The September edition of Southern Skywatch
is now up (sorry about the delay yet again, life happened once more). The planetary action is moving back to the evening skies, Jupiter is at opposition and Saturn is just past opposition. Mercury is still prominent in the first half of the month. Venus is lost to view this month. Saturn, Jupiter and Mars are still visible in the morning skies, though Saturn is progressively harder to see.
September 1-3; Mars between Pleiades and the red star Aldebaran, forming a second eye for Taurus the Bull. September 4; First Quarter Moon. September 8; perigee Moon. September 8; Saturn and waxing Moon close. September 11; Full Moon. September 11; the Full Moon close to Jupiter (2° away). September 18; Last Quarter Moon. September 17; Mars close to waning moon. September 20; apogee Moon. September 23; Earth at Equinox. September 26; New Moon. September 27; Jupiter at opposition, when it is biggest and brightest as seen from Earth.
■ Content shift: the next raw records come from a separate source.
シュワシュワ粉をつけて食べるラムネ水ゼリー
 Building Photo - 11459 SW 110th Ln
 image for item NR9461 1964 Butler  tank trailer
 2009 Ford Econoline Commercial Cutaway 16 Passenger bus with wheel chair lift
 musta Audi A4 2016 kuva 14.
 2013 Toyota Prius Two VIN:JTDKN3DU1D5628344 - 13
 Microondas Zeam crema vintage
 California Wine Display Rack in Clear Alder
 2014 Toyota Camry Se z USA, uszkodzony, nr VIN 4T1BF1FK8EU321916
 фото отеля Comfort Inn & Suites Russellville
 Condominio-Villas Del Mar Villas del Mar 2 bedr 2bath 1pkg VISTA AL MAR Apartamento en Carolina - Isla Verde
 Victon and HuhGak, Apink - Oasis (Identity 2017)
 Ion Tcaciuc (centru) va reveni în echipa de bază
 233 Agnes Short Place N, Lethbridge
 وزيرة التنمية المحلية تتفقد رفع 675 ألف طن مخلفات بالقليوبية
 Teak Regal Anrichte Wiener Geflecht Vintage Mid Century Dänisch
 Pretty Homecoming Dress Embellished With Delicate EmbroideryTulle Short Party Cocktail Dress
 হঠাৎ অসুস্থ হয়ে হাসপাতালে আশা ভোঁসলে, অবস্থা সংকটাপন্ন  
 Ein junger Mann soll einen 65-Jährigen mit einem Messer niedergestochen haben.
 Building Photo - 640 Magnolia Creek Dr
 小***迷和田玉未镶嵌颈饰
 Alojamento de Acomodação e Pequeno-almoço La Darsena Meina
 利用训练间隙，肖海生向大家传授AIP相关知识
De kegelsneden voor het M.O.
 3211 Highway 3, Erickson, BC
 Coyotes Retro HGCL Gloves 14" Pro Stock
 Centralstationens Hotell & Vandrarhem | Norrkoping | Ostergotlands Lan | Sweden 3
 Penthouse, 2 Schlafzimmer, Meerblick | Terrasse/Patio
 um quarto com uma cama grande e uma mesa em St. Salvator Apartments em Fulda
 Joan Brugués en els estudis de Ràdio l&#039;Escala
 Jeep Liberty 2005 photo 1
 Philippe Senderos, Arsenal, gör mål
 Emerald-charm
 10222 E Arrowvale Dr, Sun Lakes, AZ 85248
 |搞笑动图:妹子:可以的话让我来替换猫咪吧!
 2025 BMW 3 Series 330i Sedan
Mercury is high(ish) in evening sky, and remains high in the first half of the month then rapidly heads towards the horizon and is soon lost to view. It is low above western horizon at astronomical twilight, and hour and a half after sunset at after sunset when the sky is fully dark in the first week of the month and gets progressively lower. By mid-month it is best seen an hour after sunset (nautical twilight and is soon lost in the sunset glow after this, returning to the morning sky late in the month.
Venus is lost in the twilight.
Mars is becoming brighter in the morning sky as it nears opposition. On the 1st to 3rd Mars passes between the Pleiades and Hyades, an excellent morning sight with Mars forming a second eye for Taurus the Bull with the red star Aldebaran. By the 13th Mars has left Aldebaran behind. On September 17th, Mars is under 5 ° from the waning Moon. The pair just seen together in binoculars.
Jupiter rises shortly after the sky is fully dark and climbs higher in the evening sky and is an excellent telescopic object in the late evening early morning. Jupiter is at opposition, when it is biggest and brightest as seen from Earth on the 27th. At this time, it is visible the whole night long. On the 11th Jupiter rises just below the Full Moon, with the pair in the same binocular field and Jupiter only 2° away.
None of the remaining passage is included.